Return, from the material below, each line in which "imgs" occurs.

**EXTRACTED DATA**

........

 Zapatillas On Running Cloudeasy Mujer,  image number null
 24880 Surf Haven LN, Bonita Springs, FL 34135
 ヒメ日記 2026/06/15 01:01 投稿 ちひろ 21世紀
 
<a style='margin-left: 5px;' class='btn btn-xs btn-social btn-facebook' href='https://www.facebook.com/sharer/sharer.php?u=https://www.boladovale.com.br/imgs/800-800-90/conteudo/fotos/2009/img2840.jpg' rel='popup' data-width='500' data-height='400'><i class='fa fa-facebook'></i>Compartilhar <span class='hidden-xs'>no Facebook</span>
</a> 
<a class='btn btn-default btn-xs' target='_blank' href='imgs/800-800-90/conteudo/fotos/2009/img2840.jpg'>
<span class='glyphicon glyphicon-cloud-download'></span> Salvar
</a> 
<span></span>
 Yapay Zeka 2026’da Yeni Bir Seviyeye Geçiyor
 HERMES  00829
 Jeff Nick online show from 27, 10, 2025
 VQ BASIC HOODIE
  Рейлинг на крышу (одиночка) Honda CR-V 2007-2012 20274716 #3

........

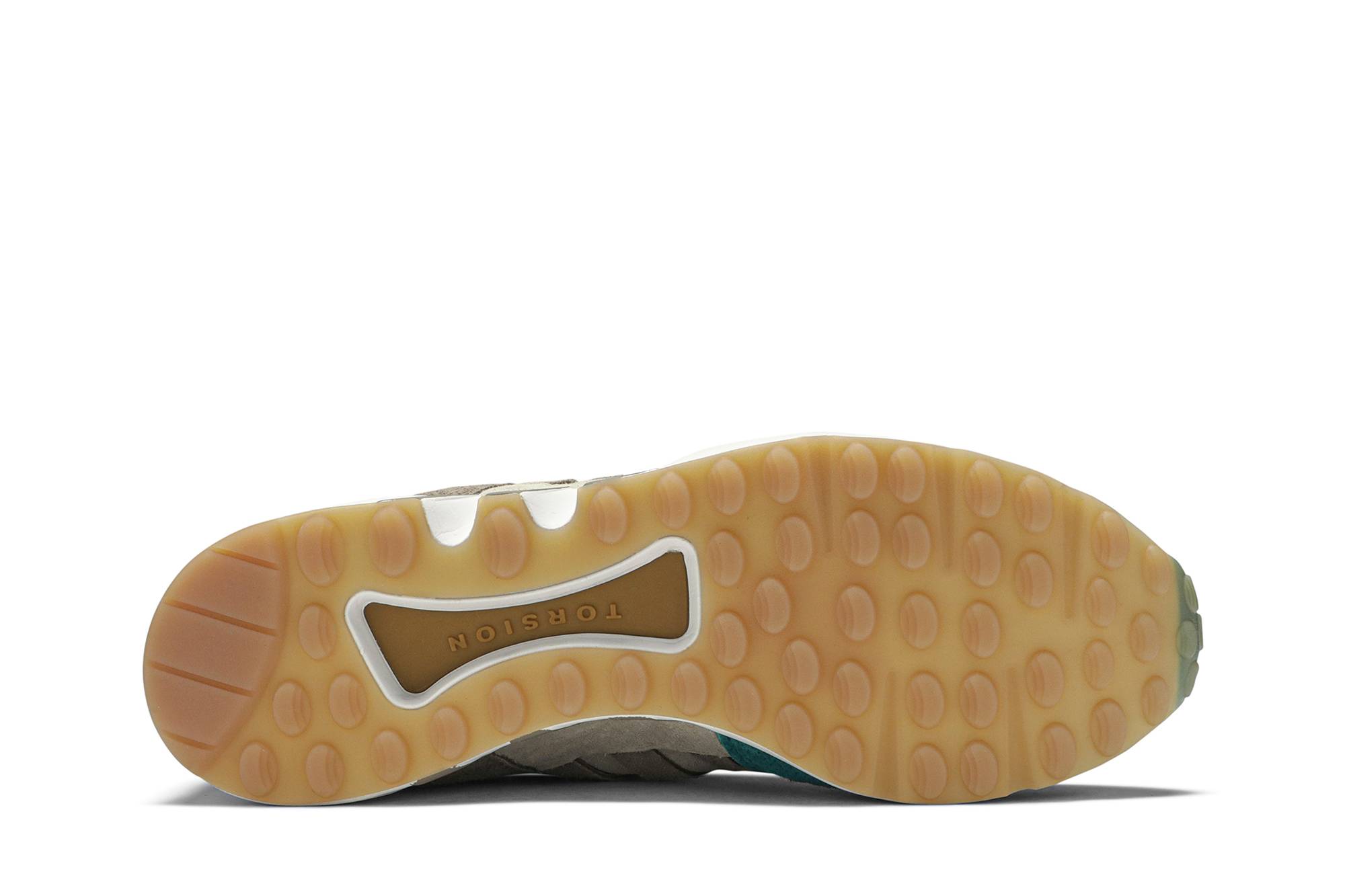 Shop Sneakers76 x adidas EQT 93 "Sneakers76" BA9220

........

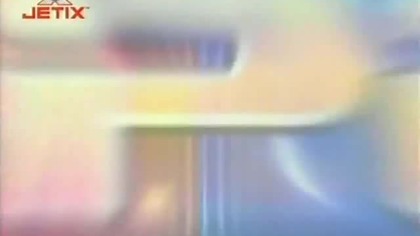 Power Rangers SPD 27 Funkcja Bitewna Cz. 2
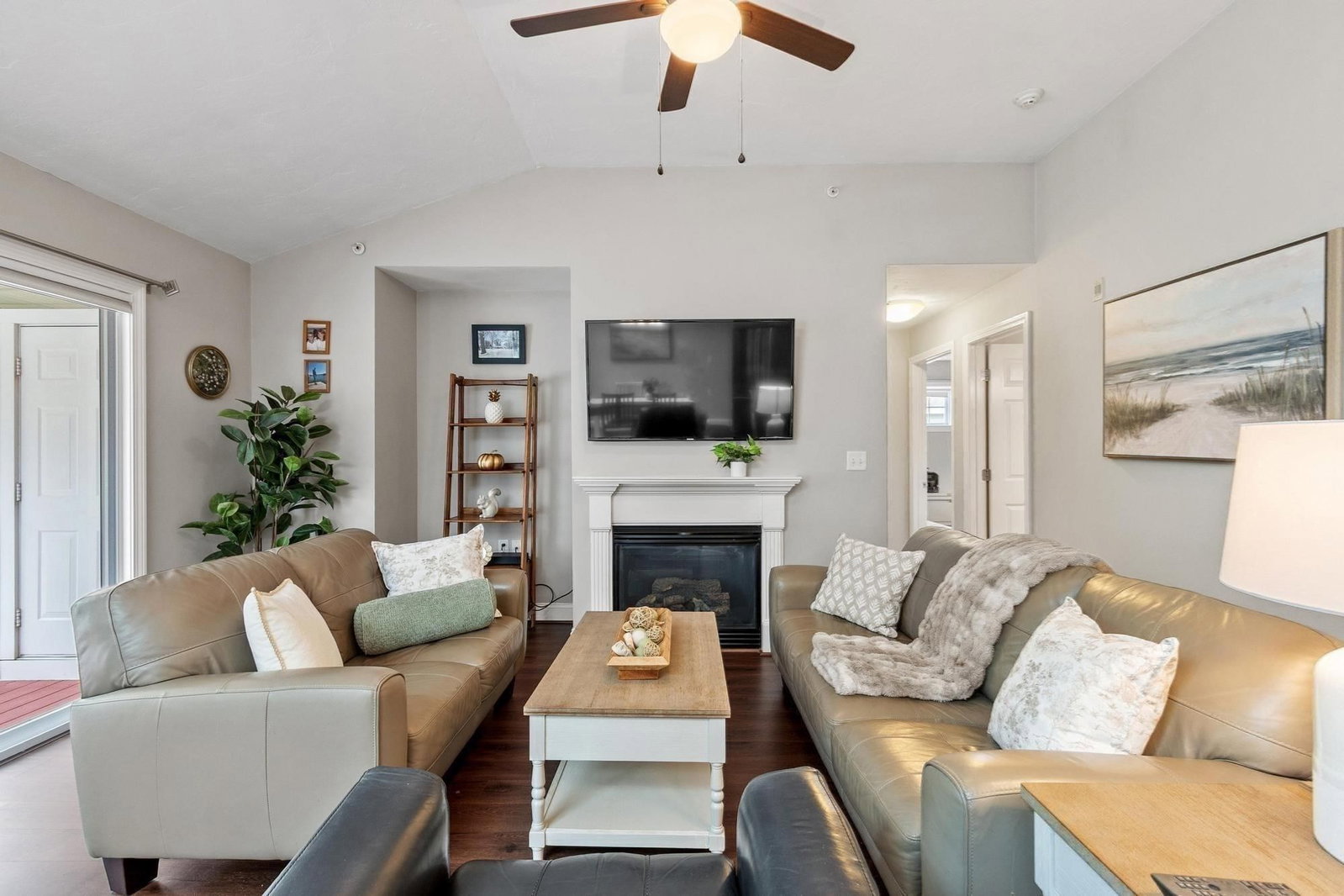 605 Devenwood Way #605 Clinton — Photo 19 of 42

........

**RESPONSE AREA**
<a style='margin-left: 5px;' class='btn btn-xs btn-social btn-facebook' href='https://www.facebook.com/sharer/sharer.php?u=https://www.boladovale.com.br/imgs/800-800-90/conteudo/fotos/2009/img2840.jpg' rel='popup' data-width='500' data-height='400'><i class='fa fa-facebook'></i>Compartilhar <span class='hidden-xs'>no Facebook</span>
<a class='btn btn-default btn-xs' target='_blank' href='imgs/800-800-90/conteudo/fotos/2009/img2840.jpg'>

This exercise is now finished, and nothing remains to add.